Hello @divyaprince321,

If you fell comfortable doing so, would you mind sharing the corresponding reads (that were classified) and the feature table artifacts?

divyaprince321 · July 24, 2023, 12:58pm

Hi @ Colinvwood
Sure here I am sharing the required files
table.qza (12.6 KB)
rep-seqs.qza (11.3 KB)
Kindly please let me know if you need any other file.
thanks and regards

colinvwood · July 24, 2023, 5:09pm

Hello @divyaprince321,

You only have eight features in your feature table, so you only got 8 taxonomy assignments (not 9 by the way).

divyaprince321 · July 24, 2023, 5:35pm

Hi @ Colin
Anyways 8 or 9 why is it so
When the sequence count/depth seems good.
How to track this
Thanks and Regards

colinvwood · July 24, 2023, 5:37pm

Hello @divyaprince321,

As I said above, you have 8 taxonomy assignments because you only have 8 features to classify. Why would you expect more taxonomy assignments than you have features?

divyaprince321 · July 24, 2023, 6:02pm

Hi again
That is what I want to know
Why I got only 8 features.
Any reason and how to get more?
Is this issue with the sequencing or any other?
Thanks

colinvwood · July 24, 2023, 6:14pm

Hello @divyaprince321,

That could be a dada2 issue or it could be that you started out with a small amount of sequences to begin with.

divyaprince321 · July 24, 2023, 6:30pm

Thanks again
Now how to overcome this issue.
Thanks again

cherman2 · July 24, 2023, 6:37pm

Hi @divyaprince321,
Unfortunately, you have not given enough information about your data for us to help you with your question.
This question about low feature count has been asked multiple times on the forum, please look through the forum to see if any previous post could be helpful to you.

If you are not able to find anything, can you please provide additional information.
Can you explain your 1) importing steps 2) demuxing step 3) dada2 denoise step?
Could you also upload your dada2-stats.qzv?

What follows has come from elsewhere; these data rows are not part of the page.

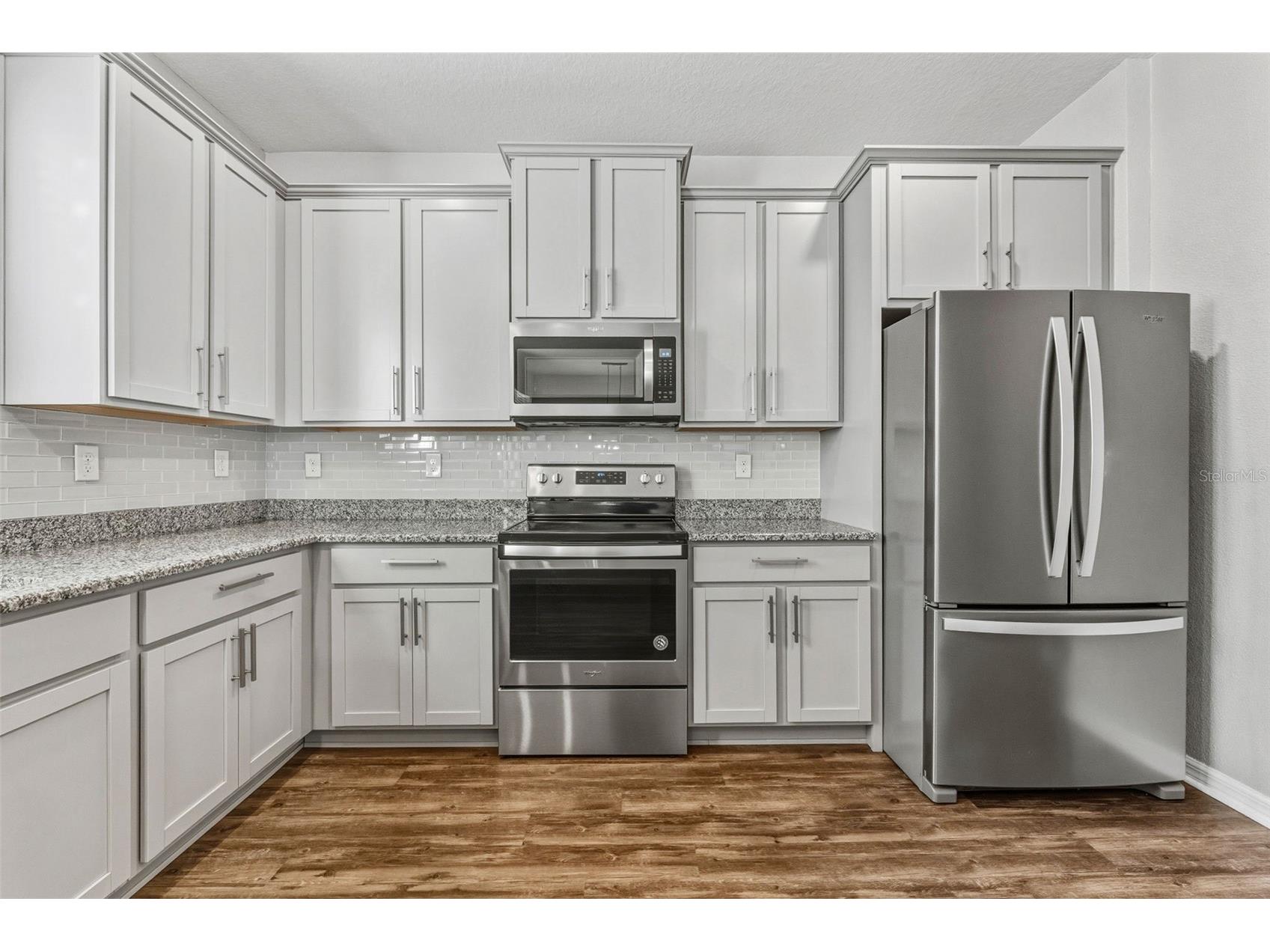 7746 Sunshine Bridge Avenue Gibsonton FL 33534 TB8467267 image9
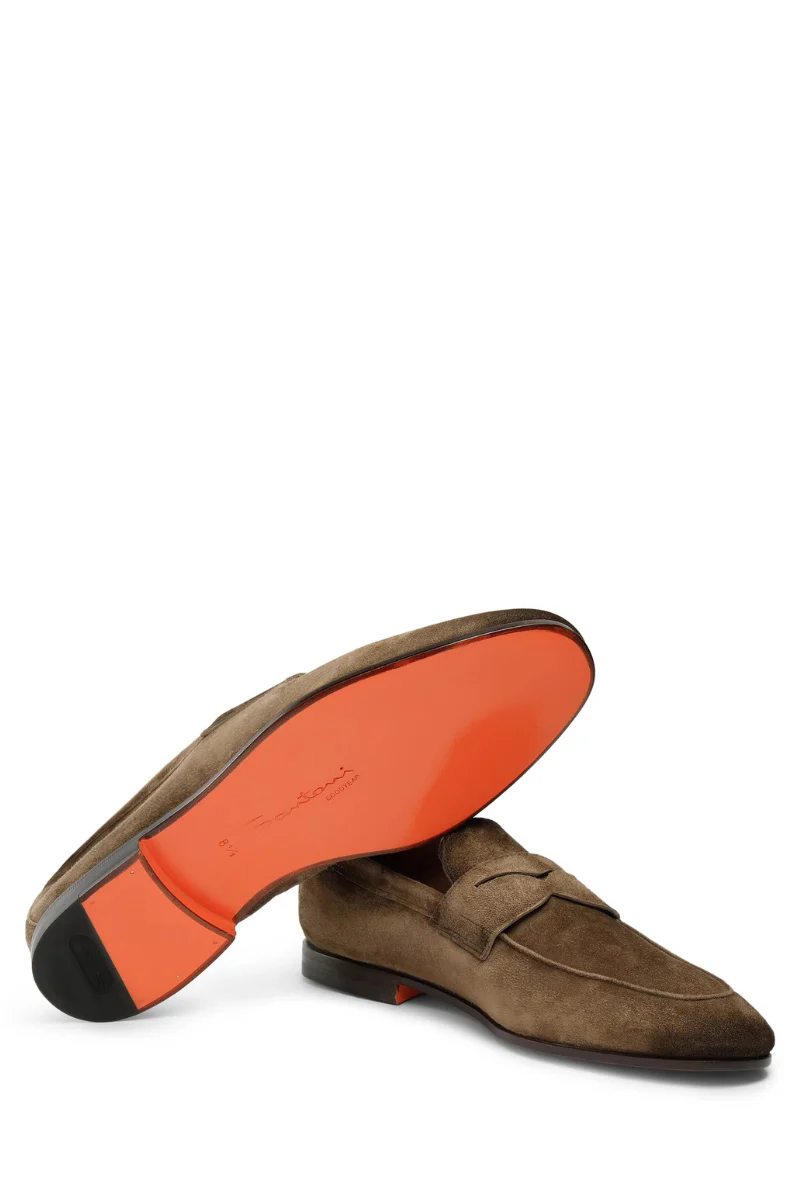 Carlo Loafer - Image 3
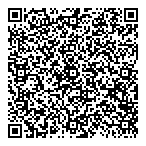 QR код "Продмет"
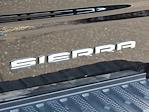 2025 GMC Sierra 1500 Crew Cab 4WD Pickup for sale #X135537 - photo 34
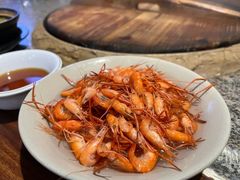 -好灶头妈妈菜·柴火灶台鱼·千岛湖土菜地标美食
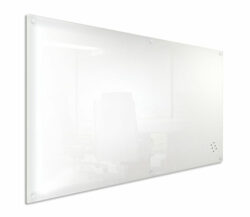 VC Lumiere Signature Magnetic Glassboards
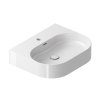ravak ceramic slim wall o xjx01155008 03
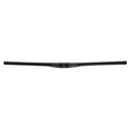 Ritchey WCS Trail 2X Flat Bar (31.8) 720mm Matte Black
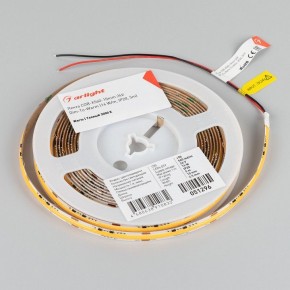 Лента светодиодная Arlight COB-X560-10mm 051296 в Соликамске - solikamsk.ok-mebel.com | фото 2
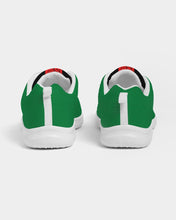 Load image into Gallery viewer, Dragon of the Motherland Women's Athletic Shoe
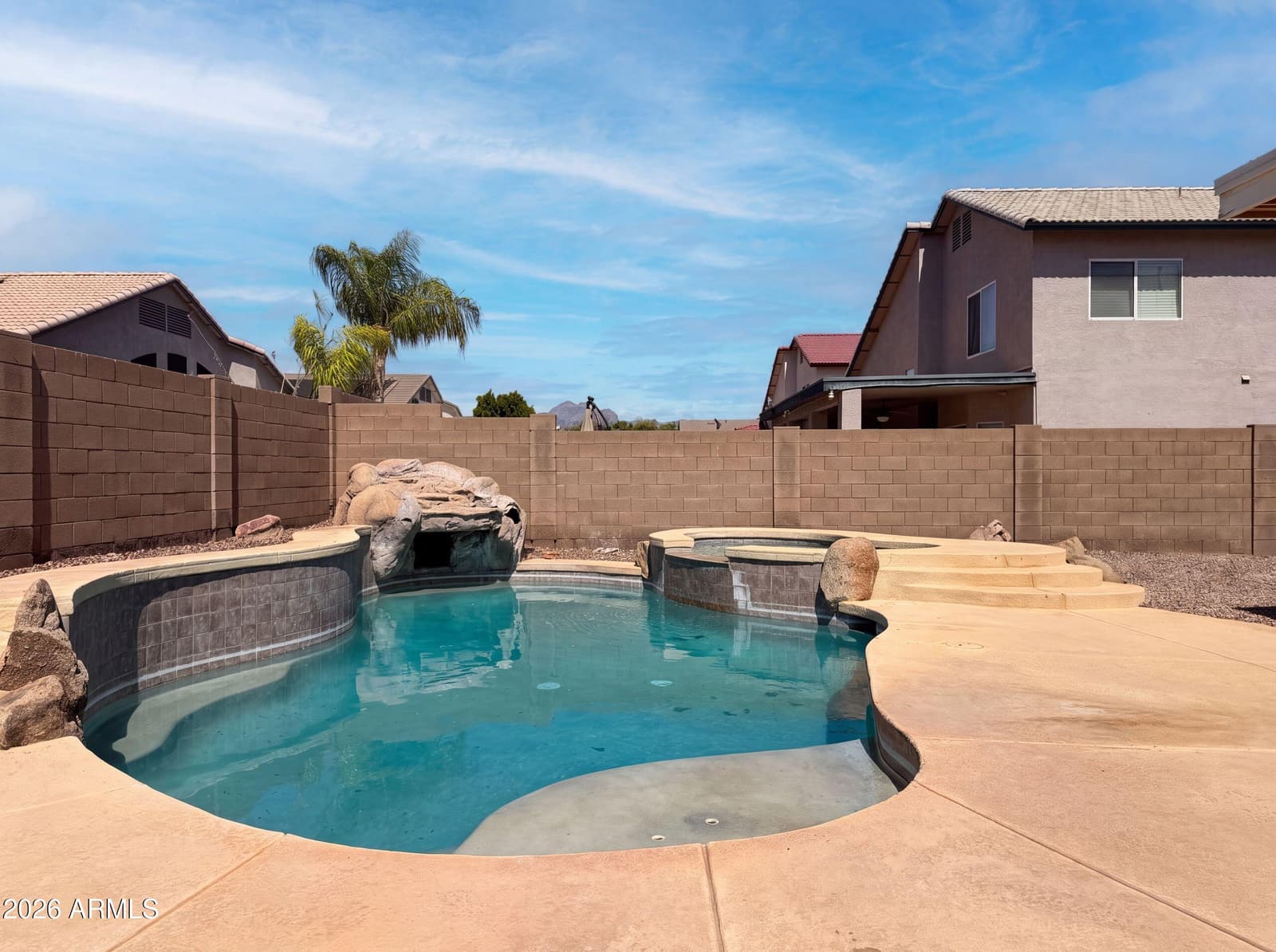 11422 E DARTMOUTH Street, Mesa, AZ 85207 — photo 18 of 19
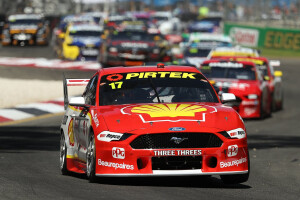 How To Watch Supercars 2020 Main Jpg
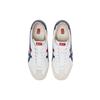ONITSUKA TIGER Tokuten 'White Beige Red Blue' Sneakers 1183C095-100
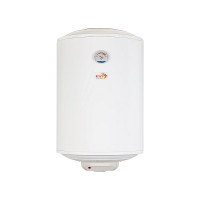 Водонагрівач EWT Clima EL 50 V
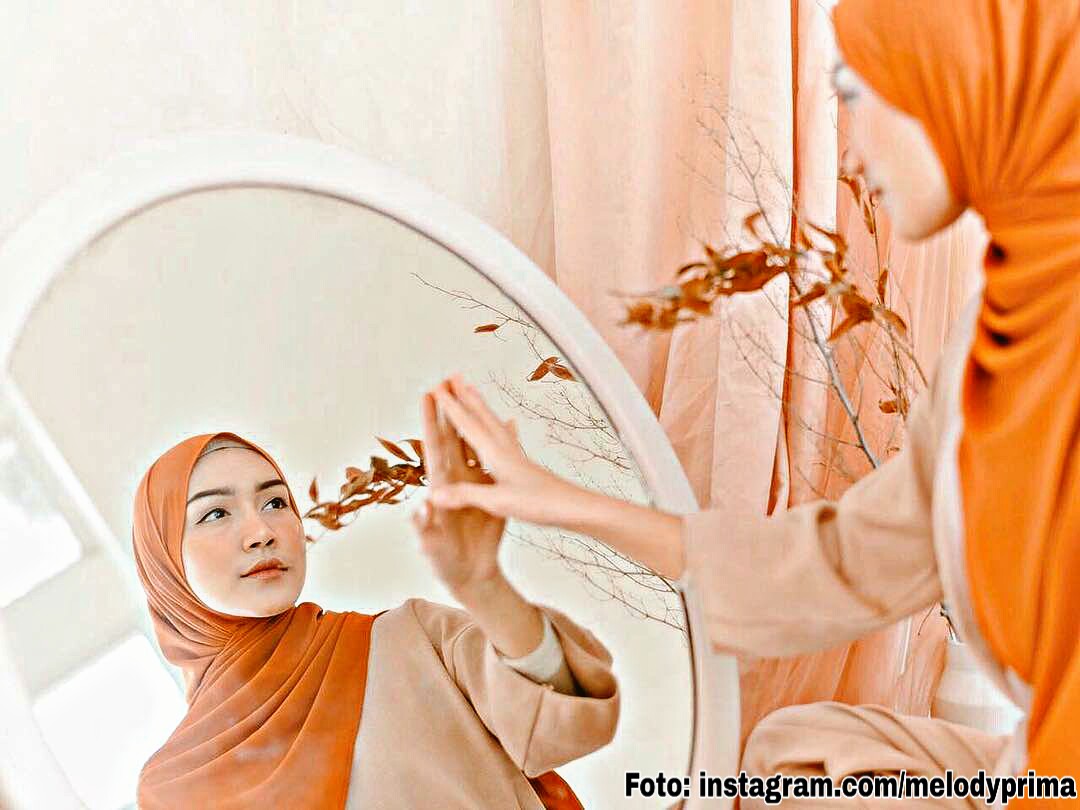 Rahasia Weton Senin Pon Wage Kliwon Legi Pahing Inilah Peruntunganmu Bina Rasa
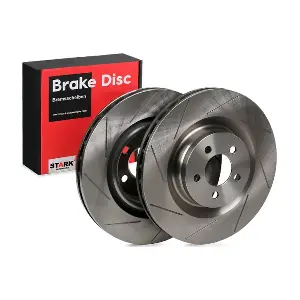 SKBD-0023638 Stark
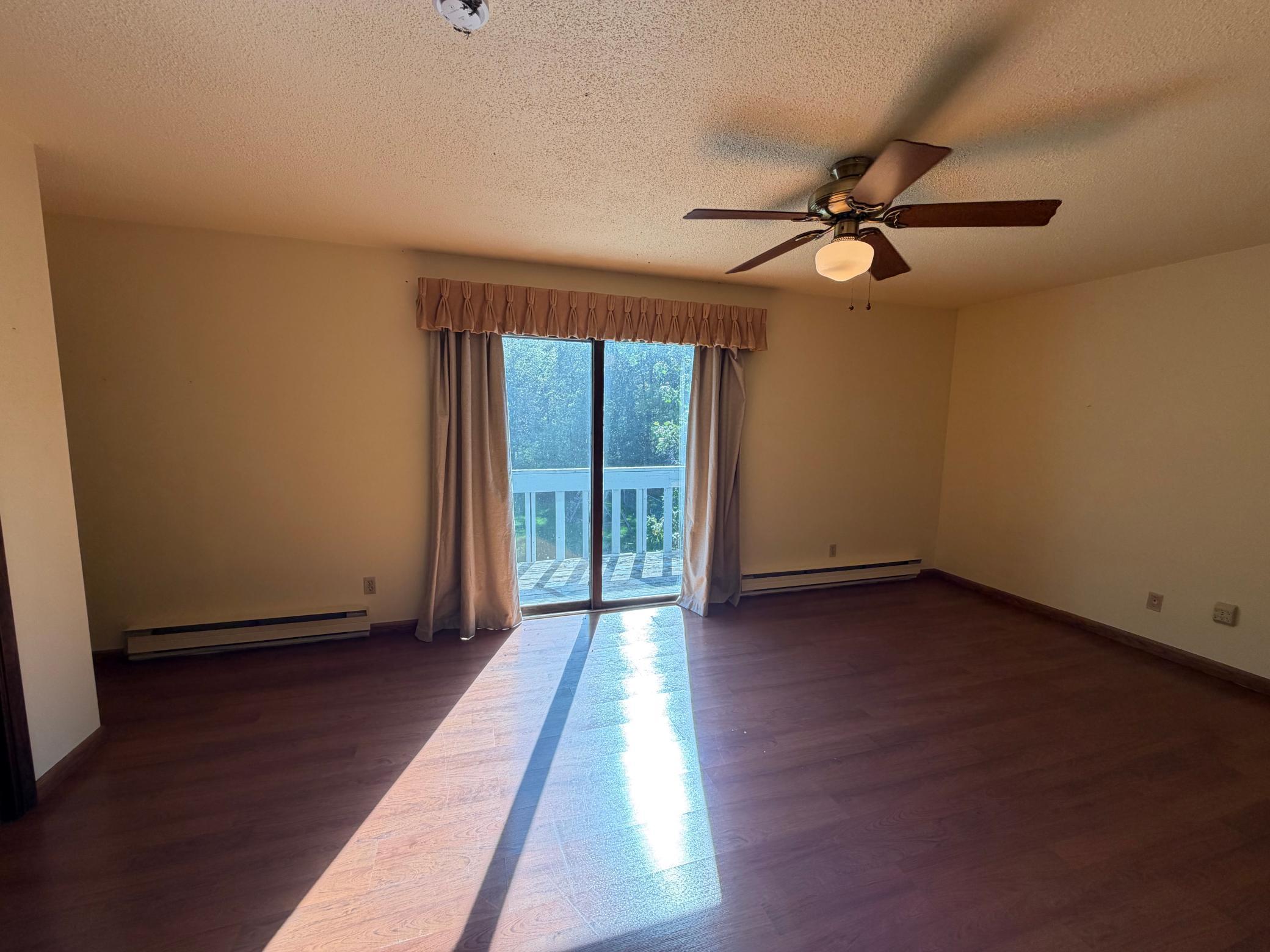 1978 single family home for sale at 407 Southwood Drive in Horace, ND — 3 bed, 3 bath (photo 23 of 52)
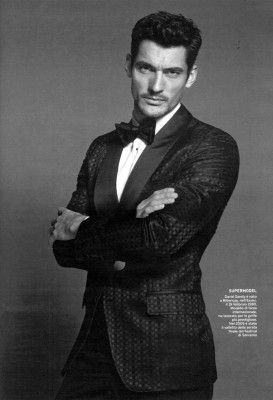 photo 14 in Gandy gallery [id542329] 2012-10-14 00:00:00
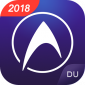 DU Speed Booster 3.1.5.1 APK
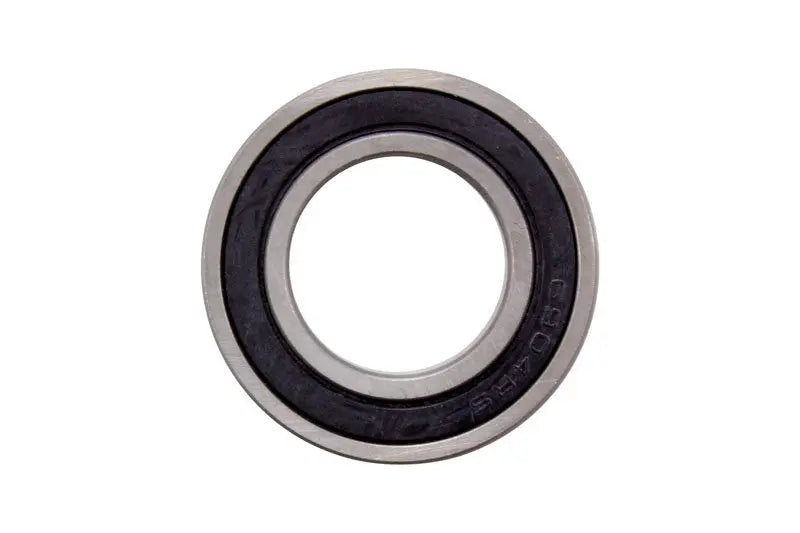 ACT 2000 Honda S2000 Pilot Bearing - eliteracefab.com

divyaprince321 · July 25, 2023, 1:11pm

Hi @ cherman2
thanks for your support
For importing I have used
qiime tools import --type SampleData[PairedEndSequencesWithQuality] --input-path /home/qiime2/Desktop/metadata/manifest.tsv.txt --output-path /home/qiime2/Desktop/manifest.qza --input-format PairedEndFastqManifestPhred33
and successfully imported the datasets.
Then I ran the command
qiime demux summarize --i-data /home/qiime2/Desktop/manifest.qza --o-visualization /home/qiime2/Desktop/demux.qzv
demux.qzv (317.8 KB)
Followed by
qiime dada2 denoise-paired --verbose --i-demultiplexed-seqs /home/qiime2/Desktop/demux.qza.qzv --p-trim-left-f 0 --p-trim-left-r 0 --p-trunc-len-f 220 --p-trunc-len-r 220 --o-table /home/qiime2/Desktop/table.qza --o-representative-sequences /home/qiime2/Desktop/rep-seqs.qza --p-n-threads 12 --o-denoising-stats /home/qiime2/Desktop/dada-stats.qza
I left the
qiime cutadapt trim-paire step, because the sequences are received from the agency and thought they might have removed the primers
dada-stats.qza (10.9 KB)

Please find the attached files and let me know if you need any additional information
thanks and Regards

cherman2 · July 25, 2023, 3:46pm

Hi @divyaprince321,
I think I have found the reason that you have less features than your are expecting.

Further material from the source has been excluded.